La politique étrangère et offensive russe est instrumentalisée à des fins de politique intérieure. Le but est de faire oublier les revers de la politique intérieure russe. En effet, la popularité de Poutine a chuté ces derniers mois suite notamment aux allégations de fraude lors des élections législatives russes de septembre 2021, remportées par le parti de Poutine “Russie Unie” tandis que les opposants n’ont pas été autorisé à se présenter. De plus, la Russie est un pays où les inégalités économiques et sociales persistent et sont considérables. De fait, Poutine est apparu comme un chef autoritaire en perte d’autorité. Sa capacité d’influence à l’étranger lui permet de regagner en légitimité, ce qui explique son acharnement à défendre coûte que coûte ses intérêts stratégiques dans les pays de l’ancien bloc soviétique. En avril 2006, dans un discours à la nation, le président russe Poutine, qui dirige le pays depuis 2000, déclarait que la chute de l’URSS fut “la plus grande catastrophe géopolitique du XXe siècle”. Phrase qui résonne de façon évidente pour Poutine et qui témoigne de l’humiliation subit par le pays : En 20 ans, 14 pays de l’ancien bloc soviétique ont adhéré à l’OTAN. L’annexion de la Crimée est un parfait exemple de la politique offensive russe, puisque cela a permis à Poutine de renforcer considérablement sa popularité et de faire oublier le traumatisme subit à la fin des années 1990.   

Toutefois, l’annexion de la Crimée a été fortement décriée par les Occidentaux, qui ont imposé des sanctions économiques à la Russie. L’annexion russe a provoqué l‘une des pires crises diplomatiques avec les Occidentaux. C’est également la raison pour laquelle la Russie est exclue du G8 depuis 2014. Par ailleurs, le fait de raviver les tensions aujourd’hui n’est pas sans risque pour la Russie car l’Europe reste un partenaire commercial majeur.  

  

Quel rôle ont les Etats-Unis dans cette crise ?  

La Russie ne supporte pas d’être rétrogradée au rang de puissance régionale et elle le fait bien savoir. En choisissant de parler de l’Europe quasiment exclusivement avec les Etats-Unis, elle souhaite affirmer sa puissance sur la scène internationale tout en évinçant les Européens de la table des négociations.  

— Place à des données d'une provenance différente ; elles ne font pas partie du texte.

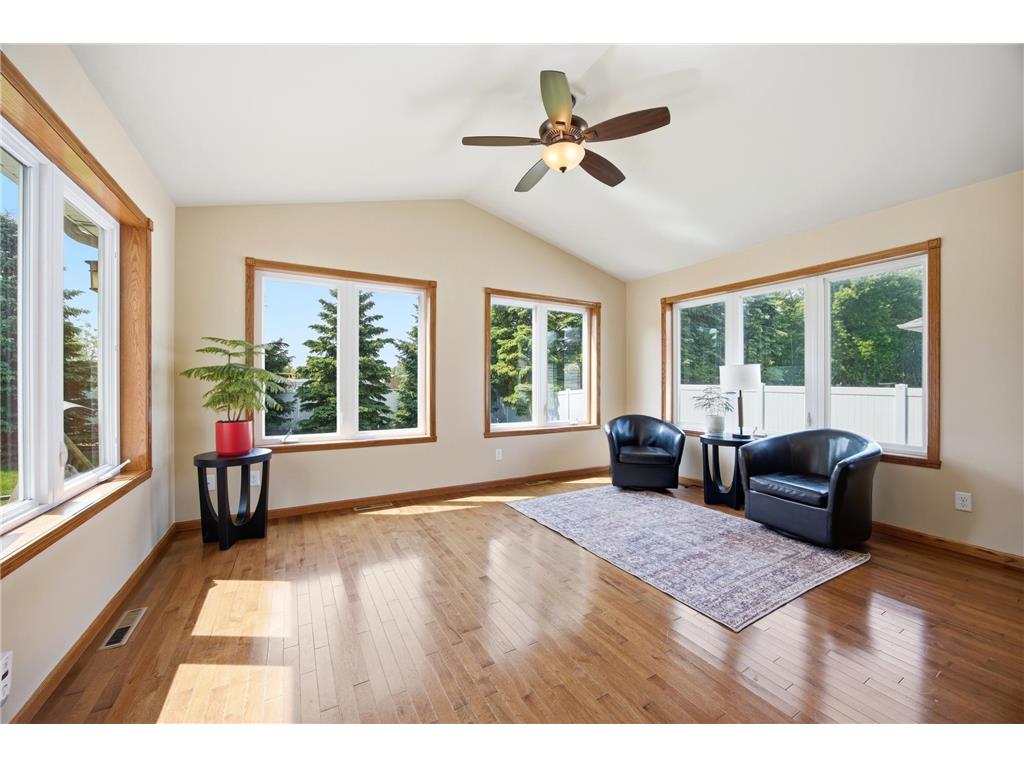 965 18th Avenue Circle N Moorhead MN 56560 7090220 image18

Elle y voit évidemment un intérêt stratégique : Poutine sait que s’engager dans ce conflit militaire serait coûteux. D’autant plus que l’armée ukrainienne s’est considérablement renforcée depuis 2014. La Turquie, pourtant alliée de la Russie mais paradoxalement membre de l’OTAN, a d’ailleurs vendu des drones à l’Ukraine ces dernières années, renforçant la militarisation de l’armée de Kiev. De plus, les Etats-Unis affirment ne pas avoir l’intention d’intervenir militairement dans un nouveau conflit, d’autant plus après le retrait des troupes américaines d’Afghanistan en août 2021 mettant fin à la plus longue guerre de l’histoire américaine. Et la Russie le sait. La priorité des Etats-Unis n’est pas en Europe mais bien en Asie : une aubaine pour la Russie qui peut avancer ses pions sur l’échiquier politique européen. En effet, l’attention des Etats-Unis est tournée vers la Chine. De fait, se lancer dans ce conflit armé avec Moscou profiterait à Pékin, ce qui n’est donc pas dans l’intérêt des Américains. Si les Etats-Unis restent tout de même présents en Europe, c’est en grande partie pour rassurer ses alliés européens, et que ces derniers ne les abandonnent pas pour autant et s’engagent à mettre en place de lourdes sanctions économiques en cas d’invasion russe.   

 

Qu’en est-il de l’Europe ?  

Néanmoins, ces sanctions économiques ne sont pas sans conséquences pour l’Europe, victime collatérale des rapports de forces russo-américains. En effet, s’il est moins dangereux pour les Etats-Unis de mettre en place des sanctions fortes, ce n’est pas le cas de l’Union européenne, du fait de sa dépendance énergétique vis-à-vis de la Russie. Washington a notamment affirmé que le gazoduc Nord Stream 2, dont la construction est achevée mais n’a toujours pas été mis en service, transportant du gaz entre la Russie et l‘Allemagne, serait bloqué en cas d’invasion. Cependant, l’Allemagne reste réticente, en particulier dans un contexte de flambée des prix de l’énergie. La crédibilité de la première puissance européenne est en jeu.  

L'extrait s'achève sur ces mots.